The House Committee for Oversight and Government Reform held another hearing on HAMP on Thursday. Representatives from five major mortgage servicers testified. In one part of the hearing, Rep. Jim Jordan (R-OH) asked what portion of their total mortgage modifications were permanent HAMP modifications (see bottom of post for video clip). The results weren't pretty:
As you can see, the vast majority of the time borrowers are choosing private modification programs over HAMP. Jordan followed up, asking whether there were many borrowers who qualified for HAMP but would not their program. All panelists said that this was a rare situation. In fact, some indicated that they often successfully modify mortgages for borrowers who didn't even qualify for HAMP. Here are a few choice responses.
Sanjiv Das, Chief Executive Officer, CitiMortgage, Inc.:
"Let's put it this way, for the people who fell out of HAMP, we were able to save about 15% more."
Michael J. Heid, Co-President, Wells Fargo Home Mortgage:
"Somewhere between 70 and 80 percent of the HAMP cancellations are resulting in some other form of saving the home or avoiding foreclosure."
Jordan drew the conclusion that HAMP was probably unnecessary to begin with.

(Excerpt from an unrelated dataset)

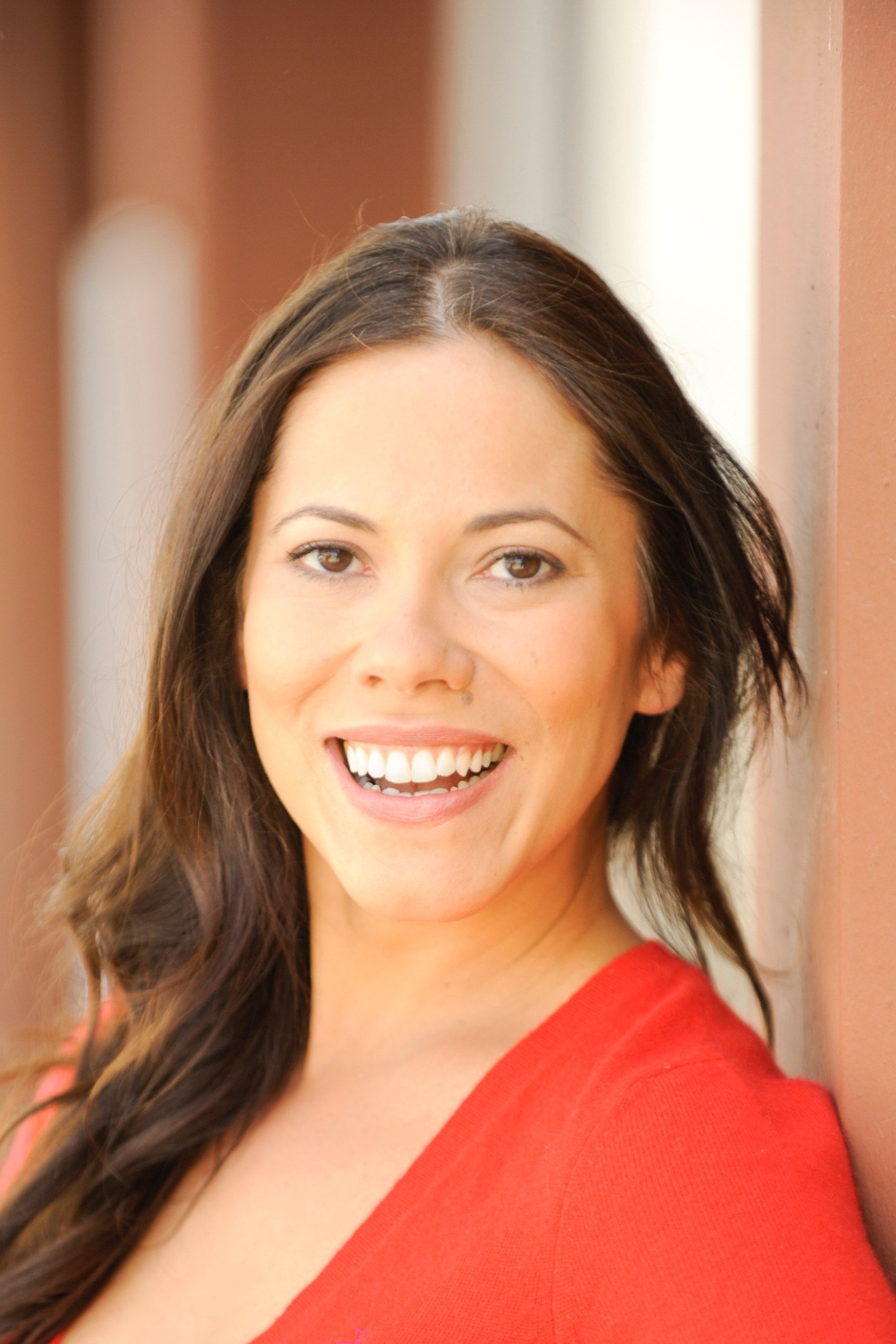 Romi Dias: Romi Dijas backdrop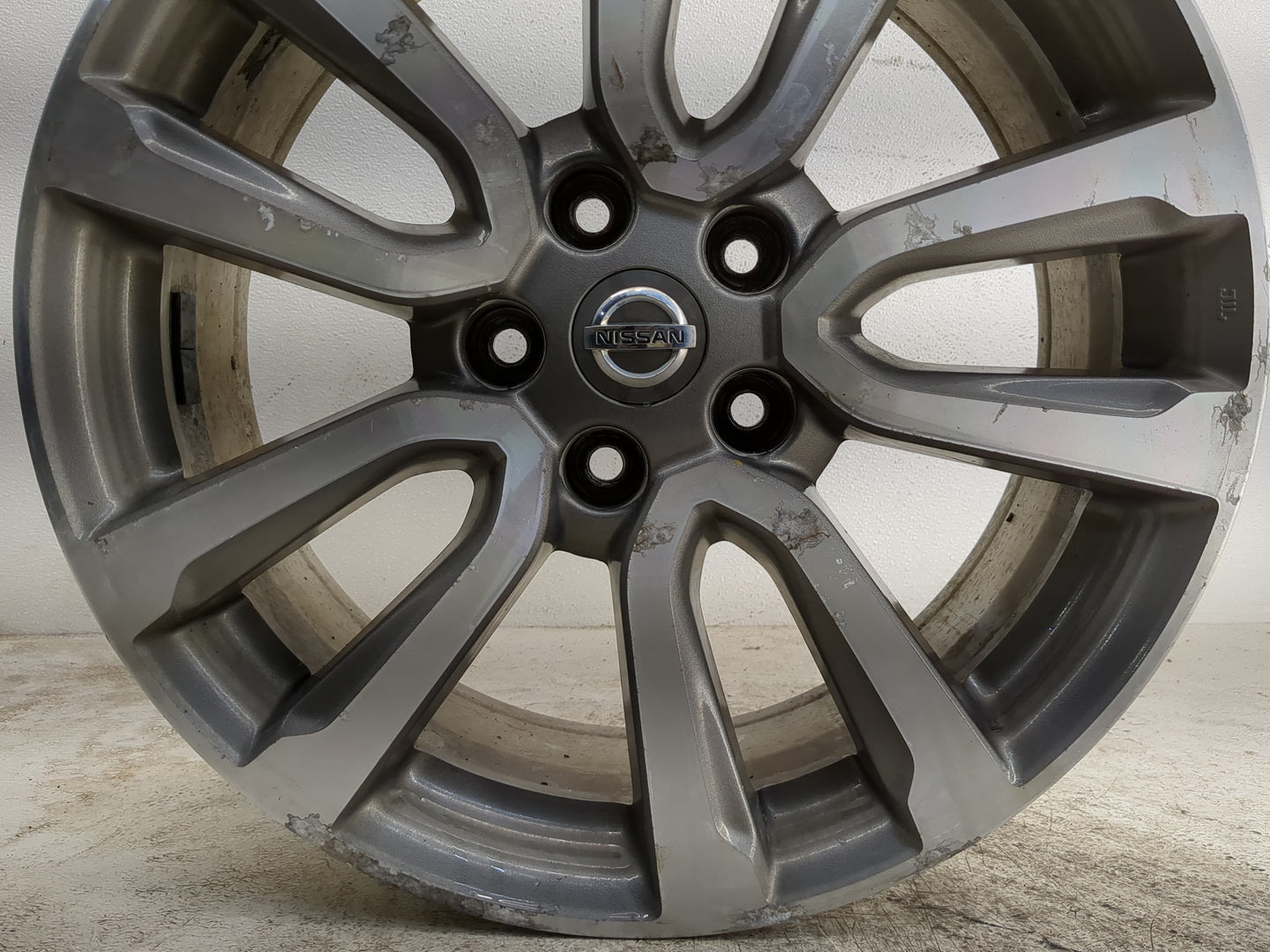 2013-2016 Nissan Pathfinder Oem Wheel Rim - Oemusedautoparts1.com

If almost all of the strikingly few borrowers that the program has helped would have qualified for private modifications anyway, what was the point? That doesn't sound like $75 billion well-spent.
While that line of reasoning is appears sensible, there is another side to the argument. The government's insistence on mortgage modification and creation of HAMP might have driven private programs to succeed as well. Once these servicers realized they would be forced to participate in HAMP, due to their acceptance of bailout money, they devised their own proprietary modification programs instead. In this case, it's possible that HAMP's existence helped to create the private mortgage modification market.
Even if it did, however, $75 billion is a pretty big price tag for nudging along a private sector that may have ended up in the same place anyway. The statistics above don't speak very favorably about HAMP's design either. The government program provides carrots to servicers, investors, and borrowers for their participation, but still produces far worse results than private programs without any such incentives.